The information from this survey and two others were presented to teachers on Monday. The surveys provided the university with an image of the typical student at NKU in comparison with 700 colleges around the nation. The study found 38 percent of the incoming freshmen worked 20-plus hours a week in high school, 14 percent higher than the average.

“Our students are real workers,”said Stephanie Baker, research analyst in student affairs.

Because students here at NKU have a rigorous work ethic, NKU’s freshman felt overwhelmed 11 percent more frequently than at other schools.

“I would be overwhelmed too, if I worked 20 hours a week while in school,” she said.

So many students working longer hours dramatically affects the social atmosphere on campus, the study showed. Only 16 percent of the freshman coming into NKU plan on getting involved in extracurricular activities.

Radio/television major Jeff Snyder is one of these hard-working freshmen who said he can’t fit extracurricular activities at NKU into his schedule.

“It is important to get into the college life, but I have so much other stuff to do,” Snyder said.

“I would like to,” he added.

In addition to being overwhelmed, the survey found freshman here drink and smoke more heavily than the other campuses. Of NKU’s freshmen, 63 percent said they engaged in drinking over the past year, compared to 48 percent from other colleges, and 25 percent said they smoked, compared to 12 percent from other colleges.

The Office of Student Life realizes less students are likely to get involved on a primarily commuter campus like NKU, said director Betty Mulkey. She said Student Life attempts to target freshmen in their first semester of college to get involved. Mulkey said events like Freshfusion and Move-in Day in Residential Village are two early events designed to rope in the students whose only contact with the campus is between the parking lot and class.

“We know many students perceive the culture here as one of non-involvement,” she said. “We have to be intentionally intrusive. We try to be with them in the first few weeks to get them involved.”
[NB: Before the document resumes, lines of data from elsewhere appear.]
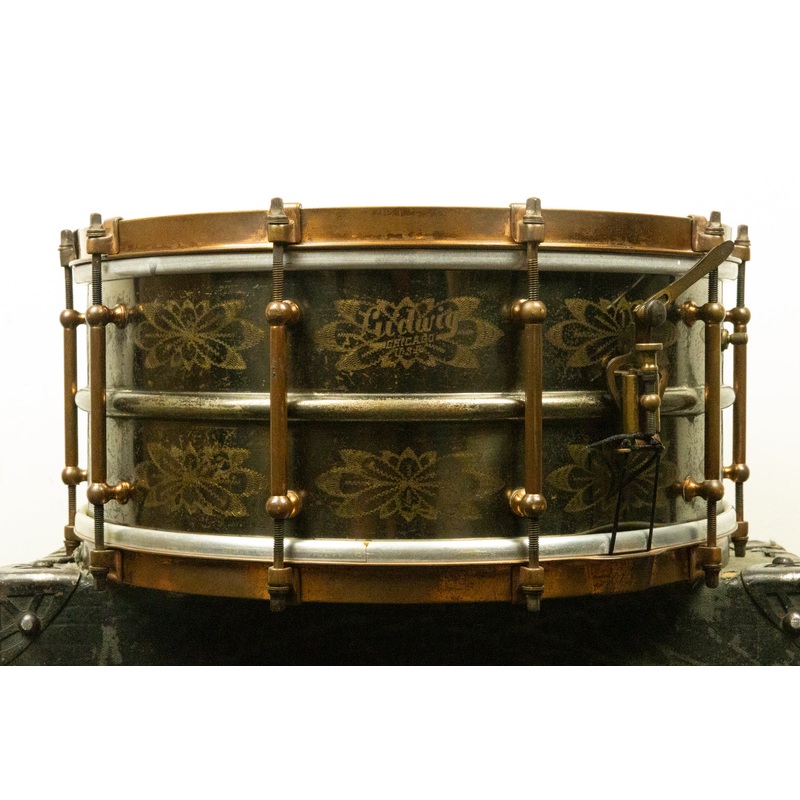 1920s Ludwig 6.5x14 De Luxe Black Beauty Snare Drum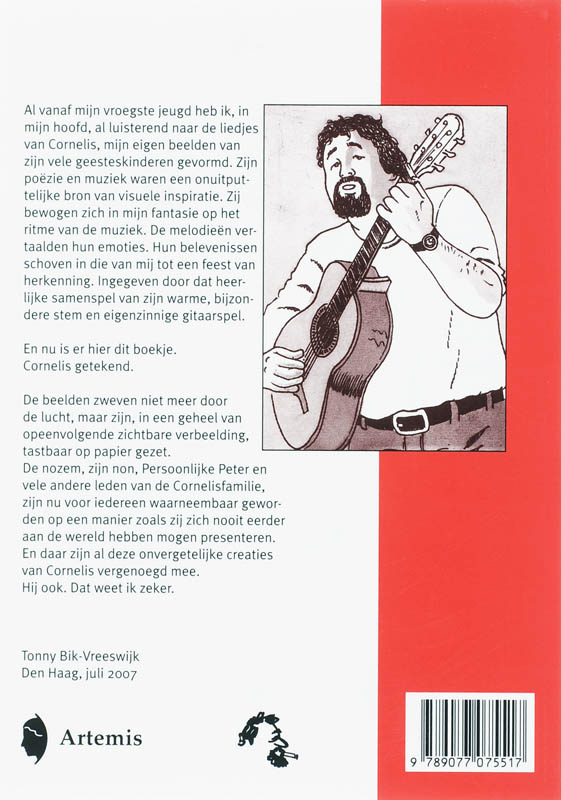 Achterkant van Cornelis Vreeswijk getekend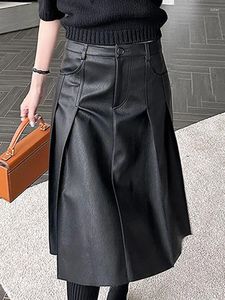 Skirts Vintage Black Pleated PU Skirt For Women High Waist Double Pocket Leather Autumn Dark Brown Clothing X665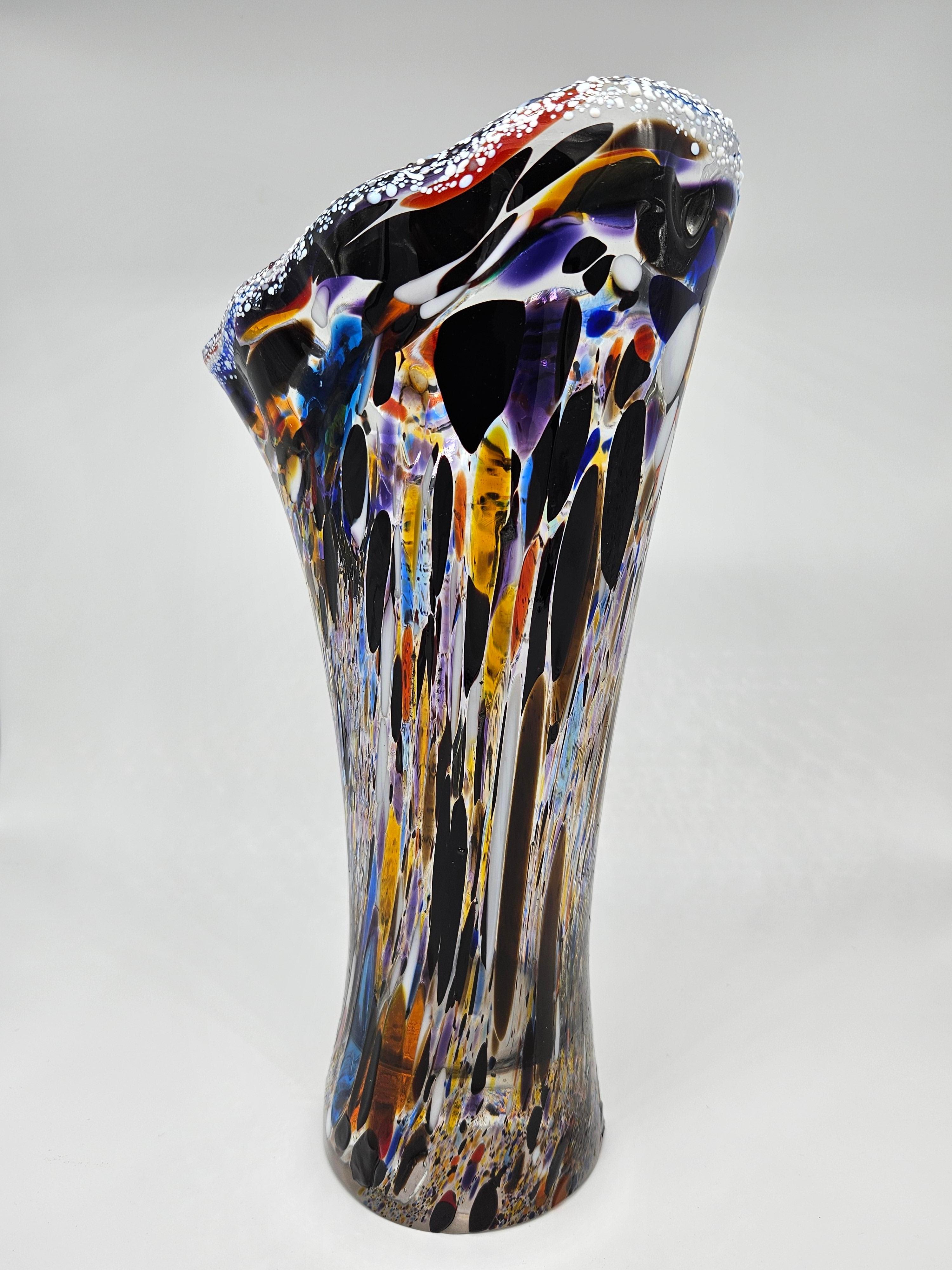 Mid-Century Modern Vaso in vetro di Murano policromo For Sale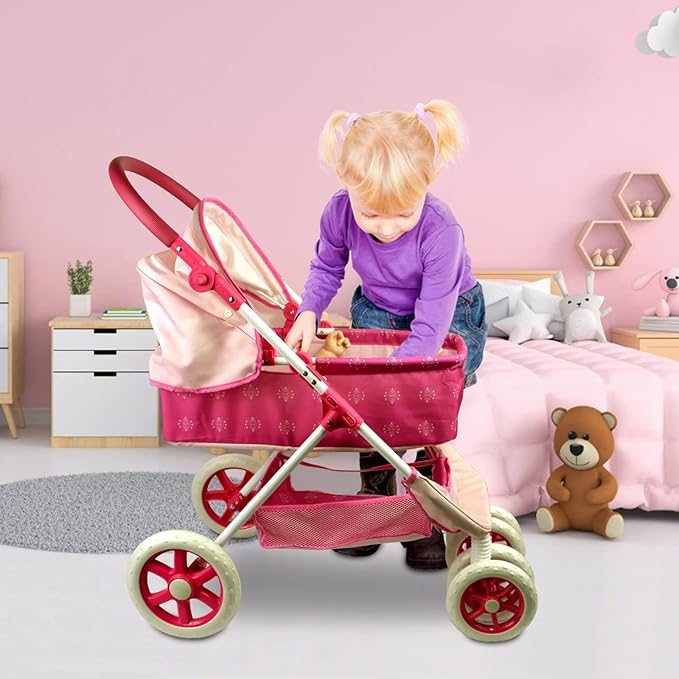 ANIVIA Dolls Pram, Doll Pushchair, 2 in 1 Stroller Dolls Pushchair & Pram Toys Gift for Kids, Suitable Dolls Up to 18 inch - Pink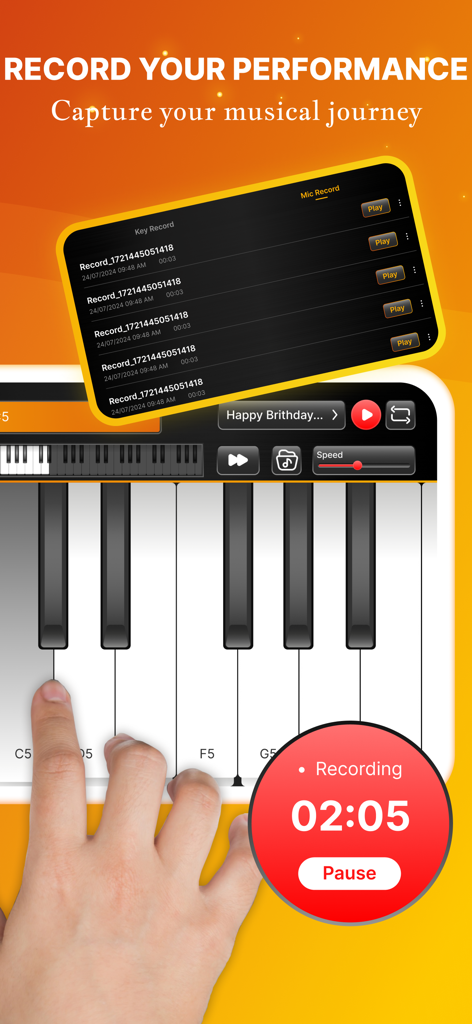 A hand playing a virtual piano keyboard in the app with a recording timer and list of saved performances displayed on screen.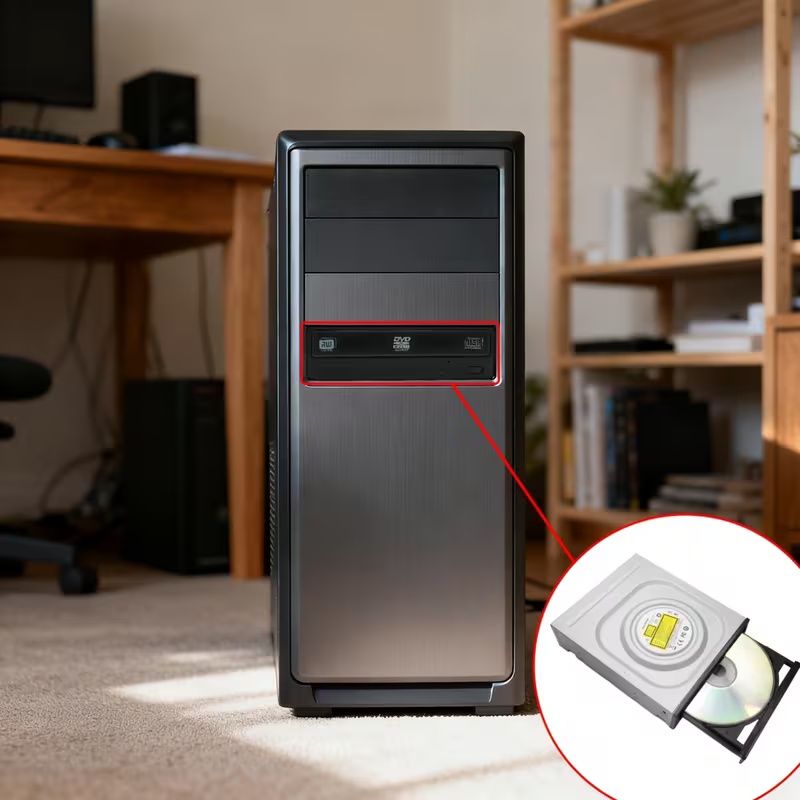 Leitor e Gravador de CD/DVD Interno de 3,5 Polegadas para Desktop, Suporte para Windows 10, 8, 7, XP, Interface SATA, Unidade de DVD Integrada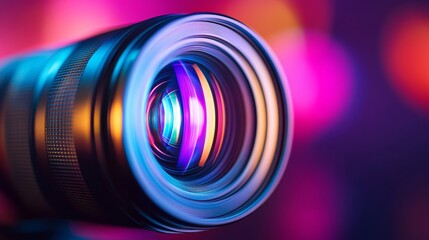 Sticker - Close-up of a projector lens with a rainbow light reflection, dark background highlighting the vibrant colors 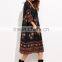Women Custom Digital Print Flower Print Three Quarter Length Sleeve Kimono Loose Beachwear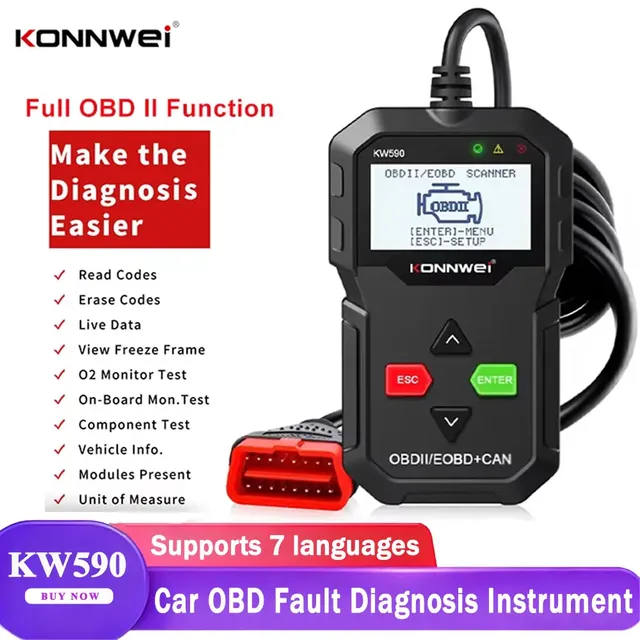2025 New KONNWEI KW590 OBD2 Scanner Car Code Reader OBDII Diagnostic Tool Clear Fault Code Support Multi-Brands Cars&languages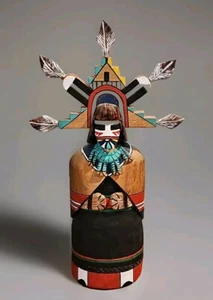 Hopi Kachina Madera Tallada Espalda Plana Palhik Mana Mariposa E Hamilton Pie de Ciervo 8" - Imagen 1 de 11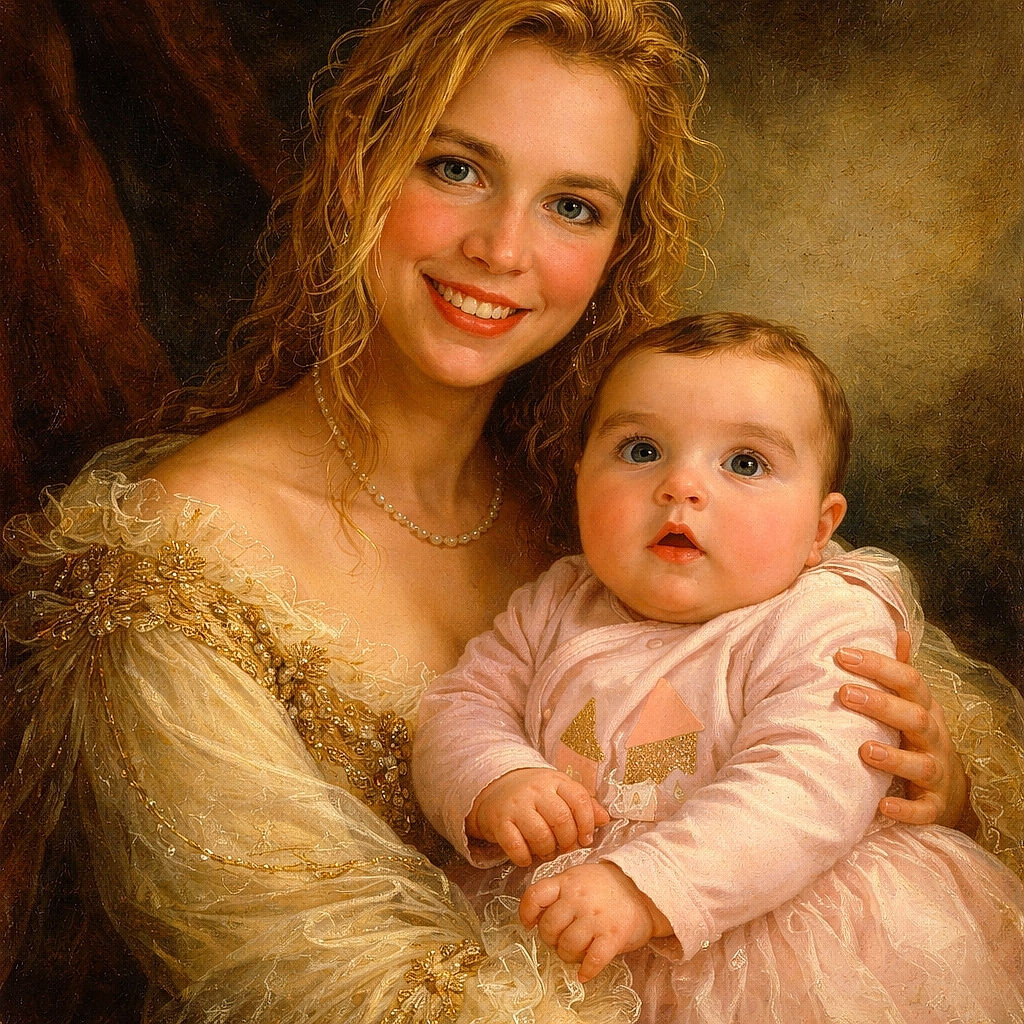 A cheerful woman with tousled blonde hair smiles warmly at the camera while holding an adorable baby with wide eyes and a surprised expression, both cozy indoors with a cluttered kitchen background.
Sophomore Jennifer Causey said the early efforts of Student Life got her interested in the different student organizations on campus. After graduating high school two years ago in Louisville, Causey said she didn’t plan on joining any organizations here at NKU because she was burnt out. She said she had been active in many organizations at her high school and said she wanted to have more free time in college. On move-in day during her first semester, however, she said she saw sororities recruiting for members. She said she realized this would be a great way to meet people and joined Delta Gamma. Now she is also a member of the Speech Club, Team NKU, Student Government Association and Norse Force.

“Being involved in a sorority opened up other doors for me,” Causey said.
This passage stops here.